• **TASK ITEM**:
Scan the lines below for "Picture" and copy the matches.

• **INPUT MATERIAL**:
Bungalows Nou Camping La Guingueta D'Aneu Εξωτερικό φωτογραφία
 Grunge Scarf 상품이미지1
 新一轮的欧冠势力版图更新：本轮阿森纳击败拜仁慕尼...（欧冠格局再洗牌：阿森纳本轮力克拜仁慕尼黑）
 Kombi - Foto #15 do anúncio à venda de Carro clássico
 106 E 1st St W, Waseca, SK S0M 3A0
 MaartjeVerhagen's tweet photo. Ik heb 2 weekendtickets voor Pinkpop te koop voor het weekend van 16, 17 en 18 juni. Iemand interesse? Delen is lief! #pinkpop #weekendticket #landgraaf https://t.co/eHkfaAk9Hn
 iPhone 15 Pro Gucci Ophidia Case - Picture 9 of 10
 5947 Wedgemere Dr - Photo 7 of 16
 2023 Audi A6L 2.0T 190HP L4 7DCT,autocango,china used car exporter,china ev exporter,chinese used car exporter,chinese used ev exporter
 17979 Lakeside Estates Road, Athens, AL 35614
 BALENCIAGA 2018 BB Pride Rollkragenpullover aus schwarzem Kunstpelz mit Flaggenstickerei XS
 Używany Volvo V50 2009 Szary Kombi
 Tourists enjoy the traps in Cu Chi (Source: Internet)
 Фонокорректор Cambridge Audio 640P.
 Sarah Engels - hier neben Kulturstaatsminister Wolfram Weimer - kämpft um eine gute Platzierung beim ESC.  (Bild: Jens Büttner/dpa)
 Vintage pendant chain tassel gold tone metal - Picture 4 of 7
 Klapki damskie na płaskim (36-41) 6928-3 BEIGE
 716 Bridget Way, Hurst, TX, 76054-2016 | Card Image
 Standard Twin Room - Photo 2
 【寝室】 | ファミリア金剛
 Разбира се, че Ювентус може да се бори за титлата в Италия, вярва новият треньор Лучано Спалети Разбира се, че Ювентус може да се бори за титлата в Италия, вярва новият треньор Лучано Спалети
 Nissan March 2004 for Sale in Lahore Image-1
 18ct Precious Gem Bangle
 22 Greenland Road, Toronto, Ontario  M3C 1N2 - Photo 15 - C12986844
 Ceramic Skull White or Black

• **FINISHED EXERCISE**:
 iPhone 15 Pro Gucci Ophidia Case - Picture 9 of 10
 Vintage pendant chain tassel gold tone metal - Picture 4 of 7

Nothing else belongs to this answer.